Q: Over how long a period did you write the poems in Blue Physics?
A: The shaping, tightening, and editing took about four years. I began writing the manuscript during lockdown. However, there are two poems, “Gettysburg” and “Body Parts Messenger,” that are older than four years, but they fit into the reoccurring theme of absence, so I included them.
Q: How was the collection’s title--also the title of one of the poems--chosen, and what does it signify for you?
A: Blue Physics had a few other titles until the real bones of the book emerged. “Blue” appears or is suggested throughout the book. I was also teaching a few units on physics in my high school (something I never imagined I’d do).
The study of matter, its motion and behavior through space and time; essentially what moves us seemed to get at the elusive character of John (who disappeared) as well as the other missing boys in the collection.
Q: The poet Jennifer Martelli said of the book, “Absence is weighty in Mary Lou Buschi's Blue Physics.” What do you think of that assessment?
A: I think Jennifer’s assessment is spot on.
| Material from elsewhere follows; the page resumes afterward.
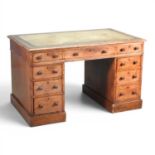 A Victorian oak pedestal desk, with an inset top, on a plinth base 122w x 73d x 74h cm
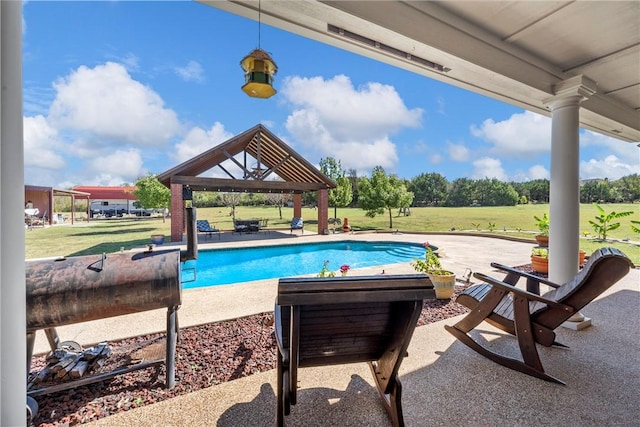 view of pool featuring a gazebo, a lawn, and a patio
My brother’s disappearance and murder was life altering for my family. The memory of him and what we never knew about him grew. The enormity never waned—an expansive absence that shaped all of us and ultimately the book.
Q: How did you decide on the order in which the poems would appear in the collection?
A: There are so many ways a collection can be ordered. I work intuitively rather than deliberately, which means everything takes me a lot longer.
When I look at my wall of poetry books, I see albums. When I begin to shape a collection I read a poem, especially thinking about the last line, and listen to how that line/poem will meet the next poem.
Maybe it’s a change in mood or style I am going for, an intentional disruption. I tend to enjoy leaps, where a poem that could have been connected to a section sequentially, is found later in a collection, like an echo that brings the reader back to a thread they were following.
After the structure feels right, I look for spaces that may need a hinge for fluidity. Finally, I write the opening poem last. I suppose that’s backward design.
Q: What are you working on now?
A: Right now, I am in-between poetry projects, but I get up every morning at 4:00 a.m. to see what happens. I give myself about an hour to edit, write, play, and read. It’s wonderful because no one is expecting anything.
I am also trying my hand at a YA novel. I’m writing it with my students in mind. Their unique voices and desires. Hopefully I can see that through to the end. I am terrible with plot. That’s why I’m a poet.